ConvNet architectures

In this part, I will discuss many famous architectures of ConvNet which are employed in image classification throughout the years.

1. AlexNet

It is developed by Alex Krizhevsky and al.. It was submitted to the ImageNet Challenge in 2012 and really made an echo in Deep Learning society by its superiority in the contest. In fact, it is pretty similar to the famous LeNet but bigger and deeper.

Furthermore, it introduced local response normalization to improve the performance and some techniques like data augmentation or dropout to enhance the generalization. Also, it provides us an implementation technique to carry out the training in limited hardware.

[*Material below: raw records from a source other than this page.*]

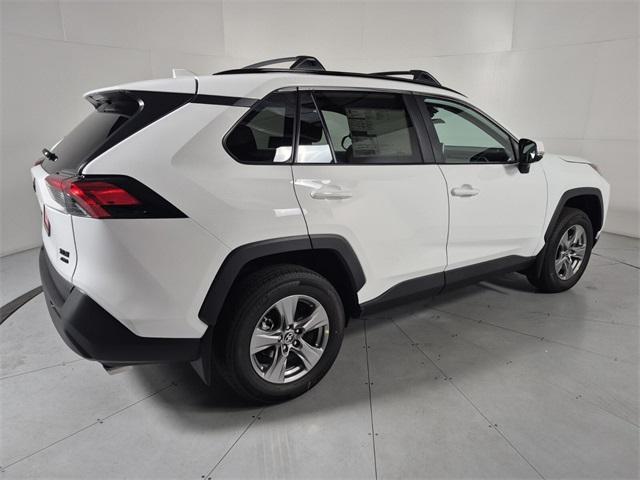 new 2025 Toyota RAV4 car, priced at $37,133
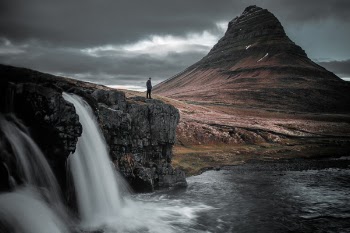 Free Photo of people, man, alone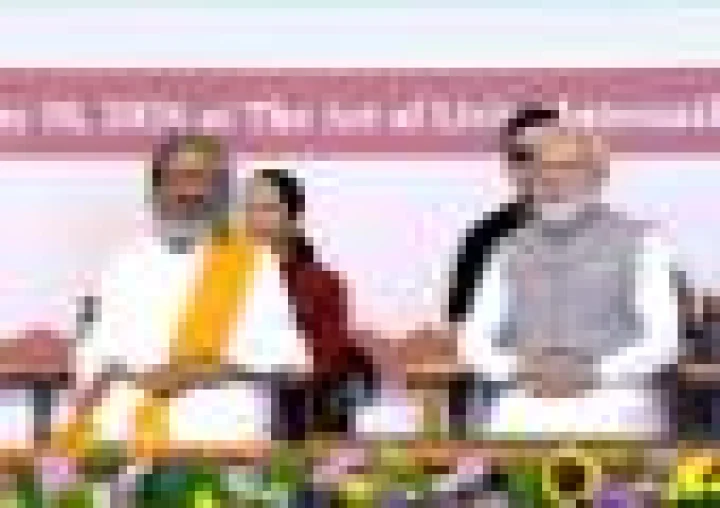45 years of The Art of Living: PM Modi inaugurates Dhyan Mandir in Bengaluru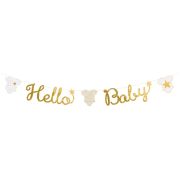Banner Hello Baby - 160 cm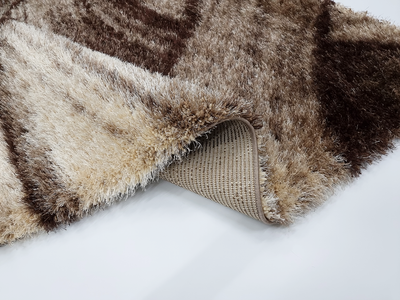 Posh Shaggy 023 BROWN/MINK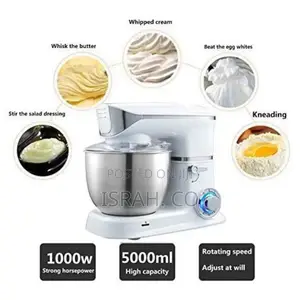 Hoffmans 6L 3in1blender Dough Hand Standmixer Food Processor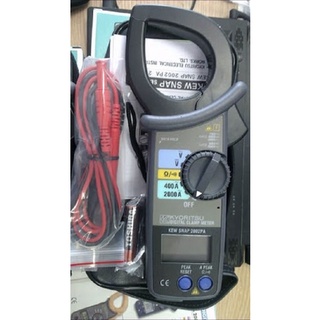 Ampe kìm KYORITSU 2002PA (AC 2000A)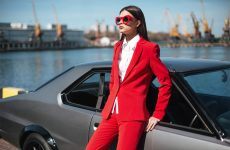 Impressive Business Attire looks You Can Experiment With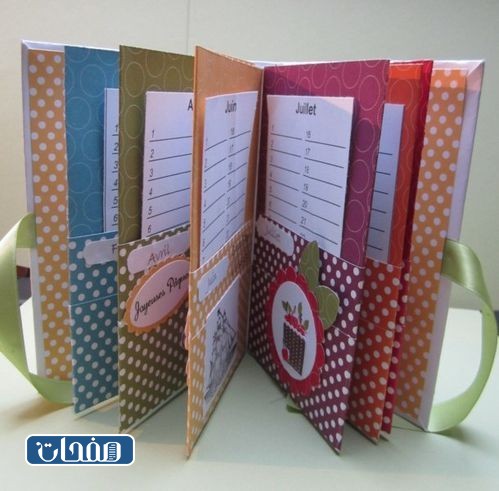 افكار لملف الانجاز بالصور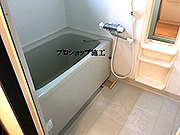 愛知県名古屋市の汚部屋の浴室の清掃・クリーニング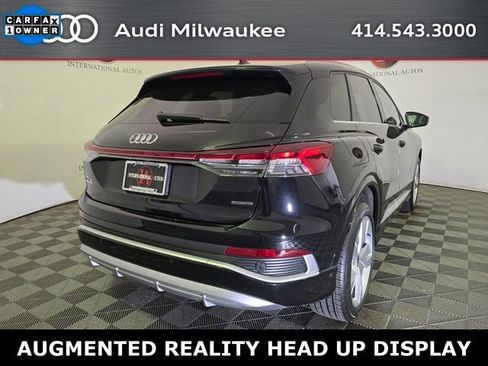 Used 2023 Audi Q4 e-tron Prestige w/ 20" Wheel Package image 4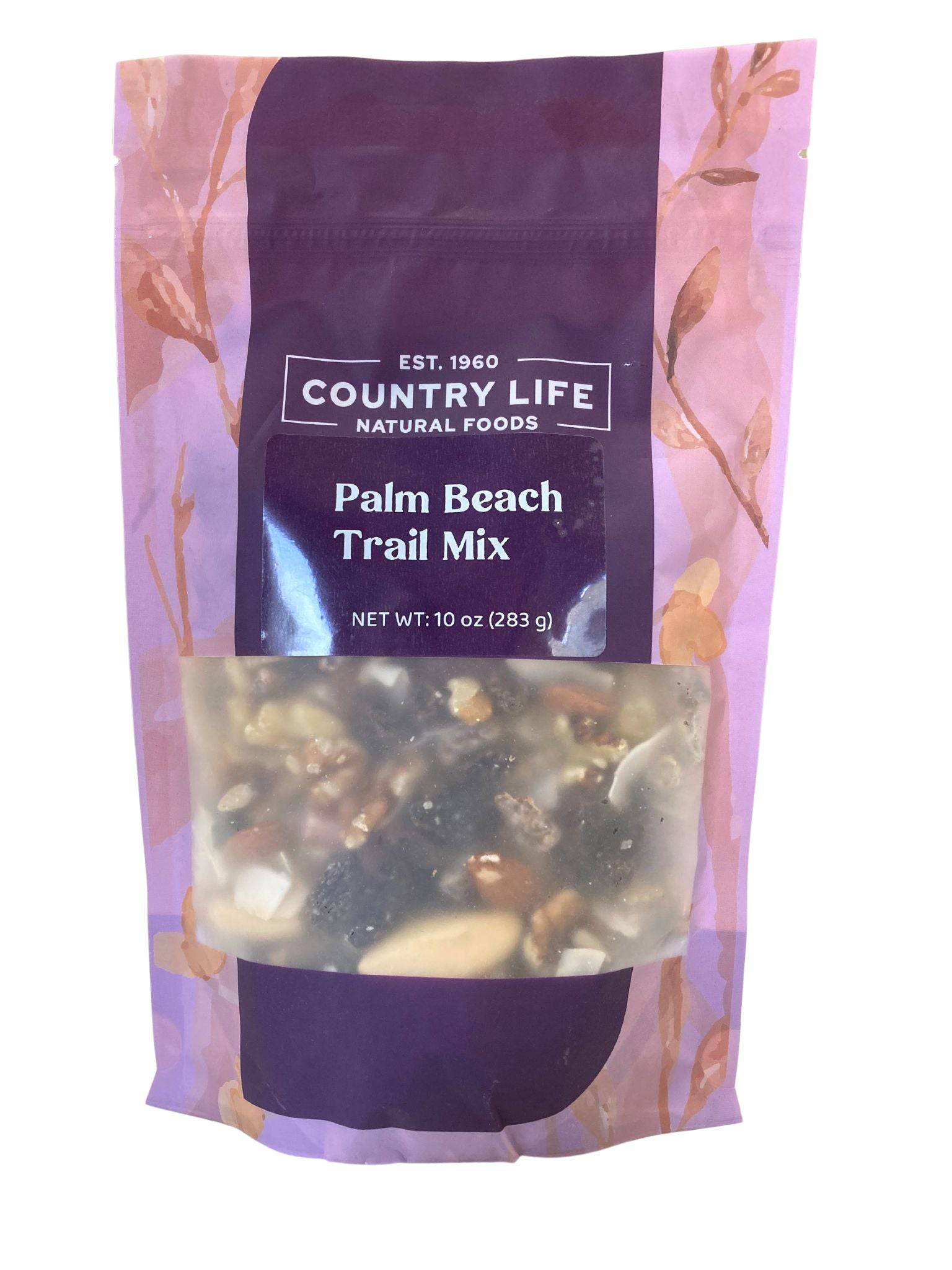 Palm Beach Trail Mix by Country Life Natural Foods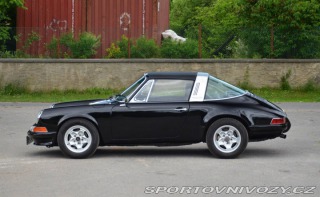 Porsche 911 T 1971
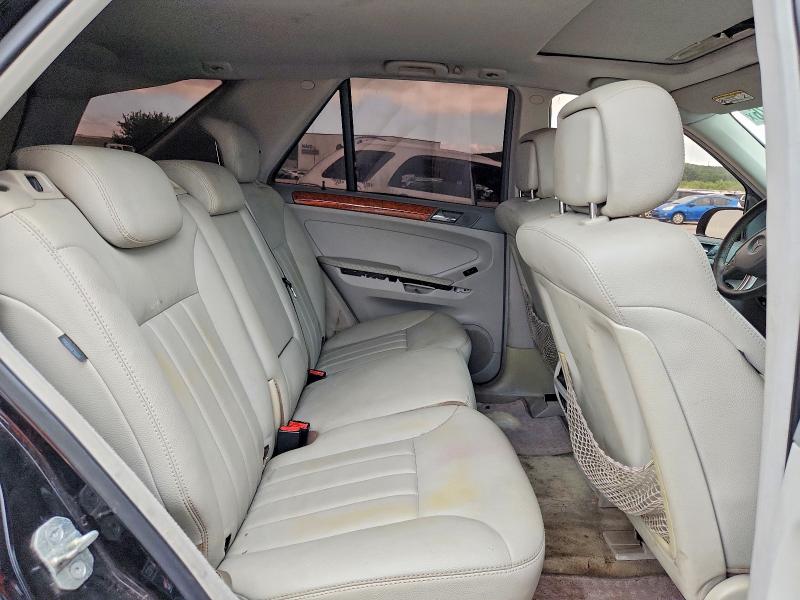 Auction sale of the 2007 Mercedes-benz Ml, vin: 4JGBB86E87A272042, lot number: 57260976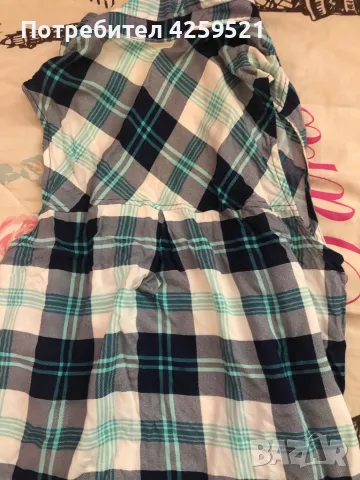 Дамска ризка от Бершка, снимка 5 - Ризи - 49663702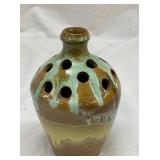 SIGNED SEAGROVE POTTERY FROG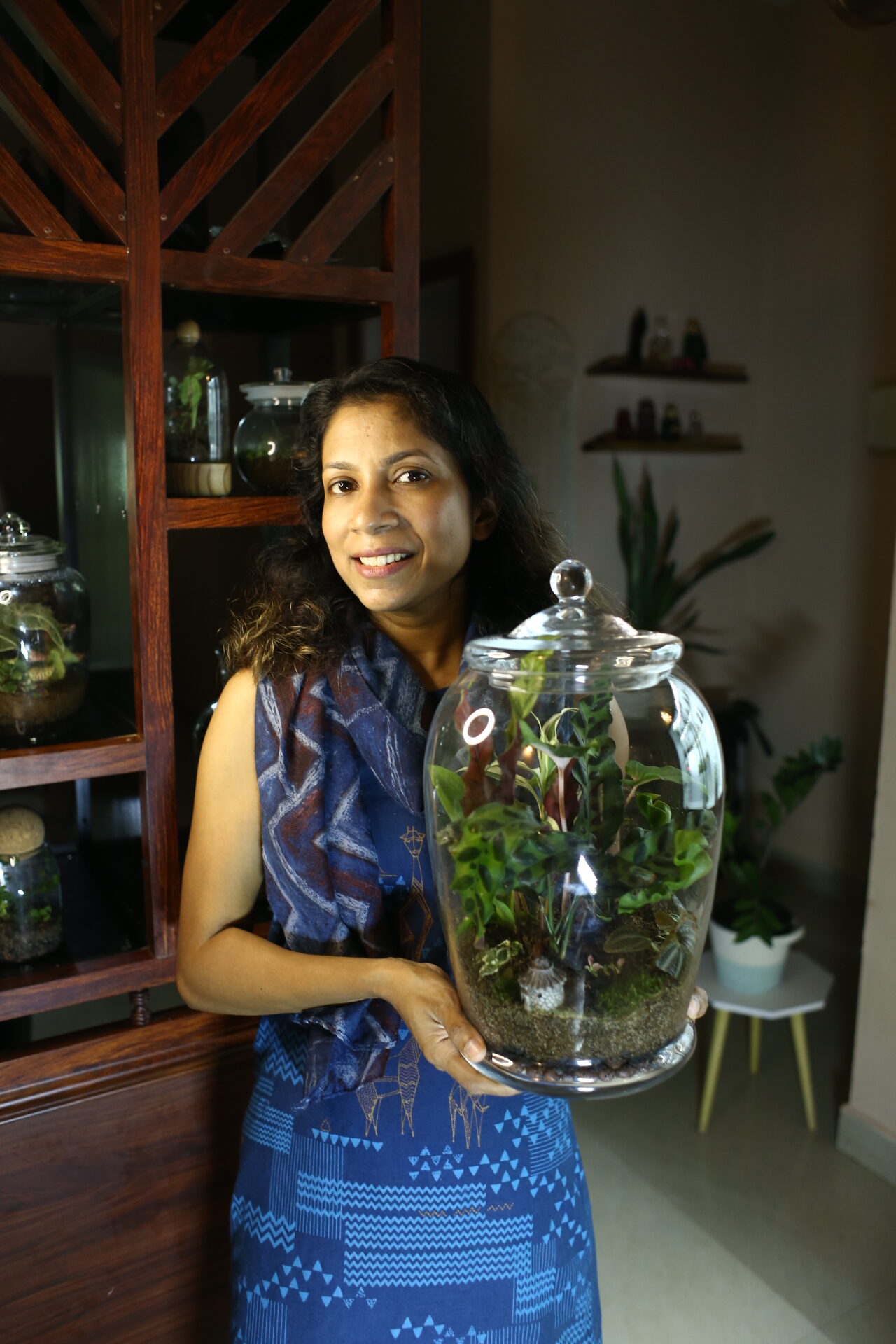 How to Make Terrariums at Home? First Steps to Your Own Microforest in a Bottle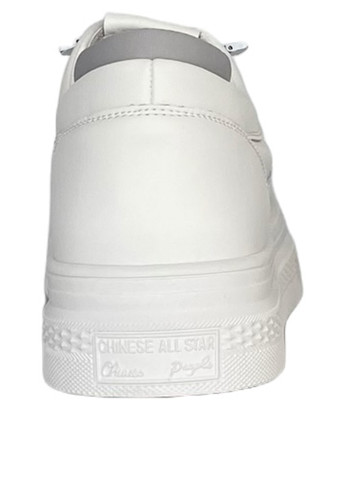 Кроссовки ALLSY белые демисезоны (301163019)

Detail of AlexNet architecture used in ImageNet Challenge:

There are 8 main layers in AlexNet: the first five layer are Convolutional Layer and their dependencies. The remaining three layers are the fully-connected layer. The outputs of the last fully-connected layer are brought to 1000-way soft-max classifier.
The kernel of the second, fourth and fifth convolutional layer are connected to the kernel from the previous layer. Local response normalization follows only the first two convolutional layer. Max pooling operation follows both normalization layer and the fifth convolution layer. ReLU non-linearity is applied to every output of convolutional layer and fully connected layer.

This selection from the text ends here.